(Captioned web images)
# # # # # # #
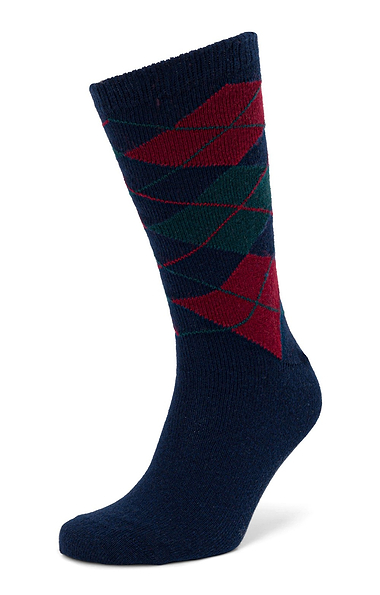 Men's Cashmere Argyle Socks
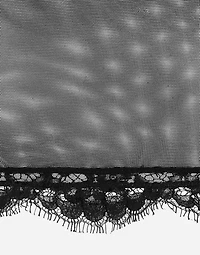 Lace and tulle camisole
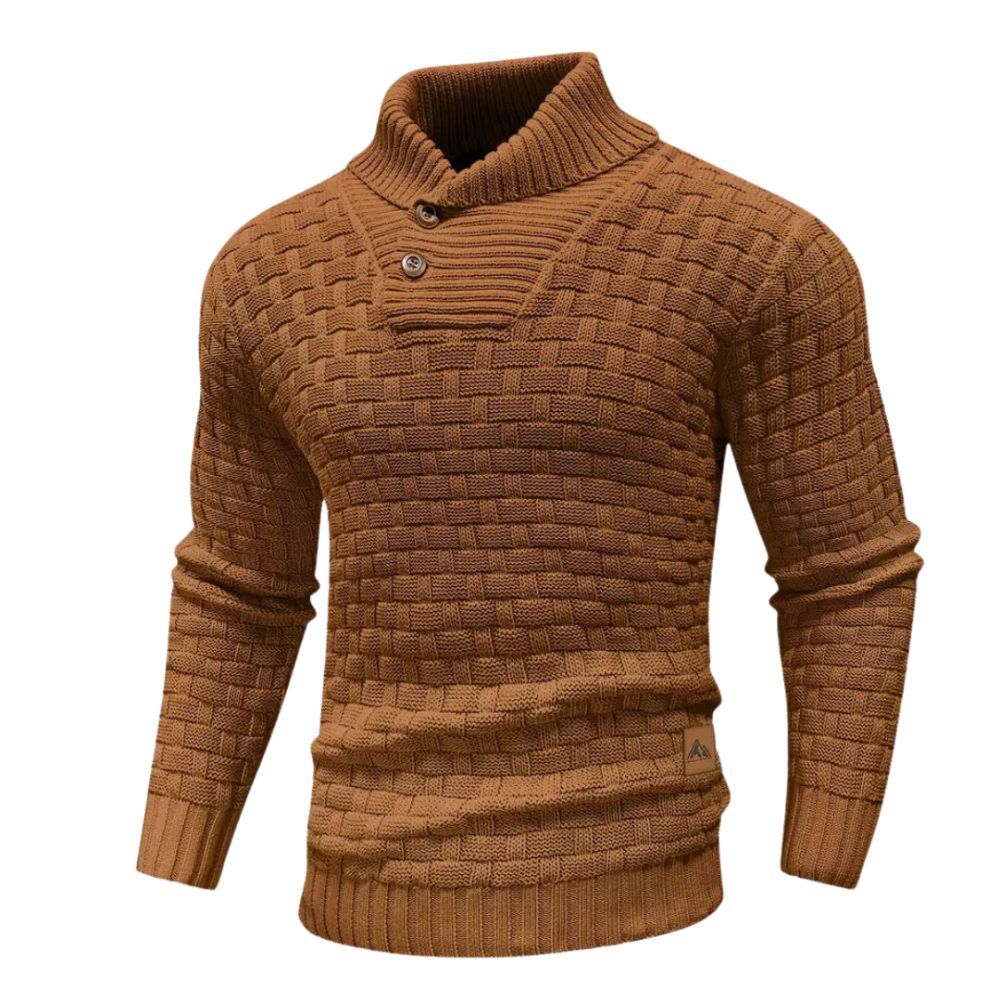 Männerpullover im klassischen Stil - Uwe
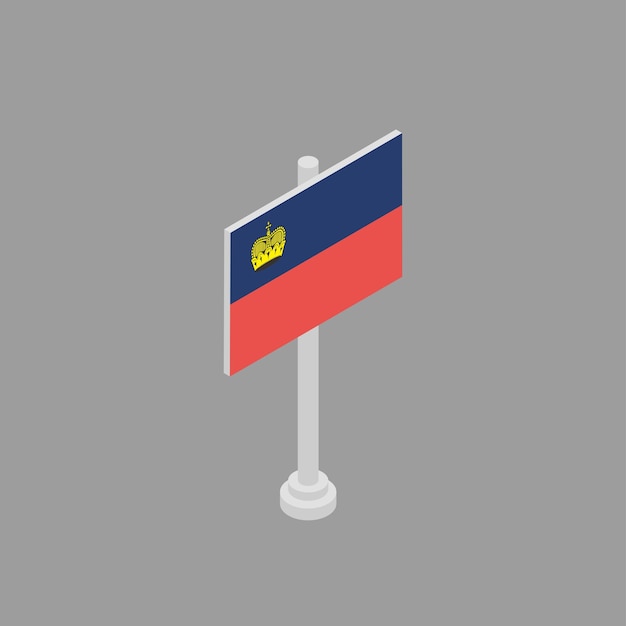 Vector illustration of liechtenstein flag template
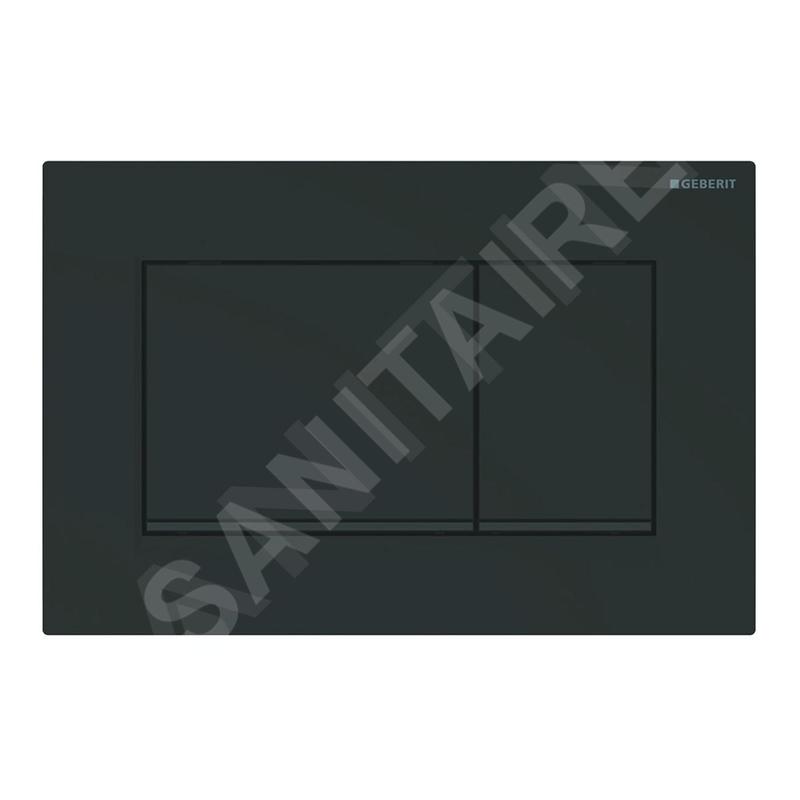 Geberit Sigma30 - Plaque de déclenchement 2 touches, noir mat / noir 115.883.16.1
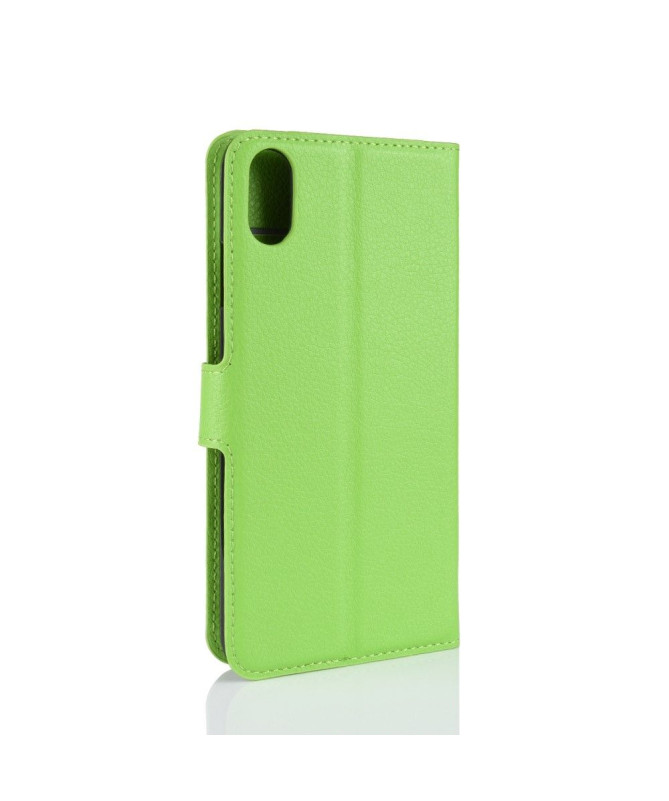 iPhone XR - Housse style cuir porte cartes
# # # # # # #
> **What is being asked**: Repeat every line of the data exactly, but do not include pictures.

> **Answer to this exercise**:
 Men's Cashmere Argyle Socks
 Lace and tulle camisole
 Männerpullover im klassischen Stil - Uwe
 Vector illustration of liechtenstein flag template
 Geberit Sigma30 - Plaque de déclenchement 2 touches, noir mat / noir 115.883.16.1
 iPhone XR - Housse style cuir porte cartes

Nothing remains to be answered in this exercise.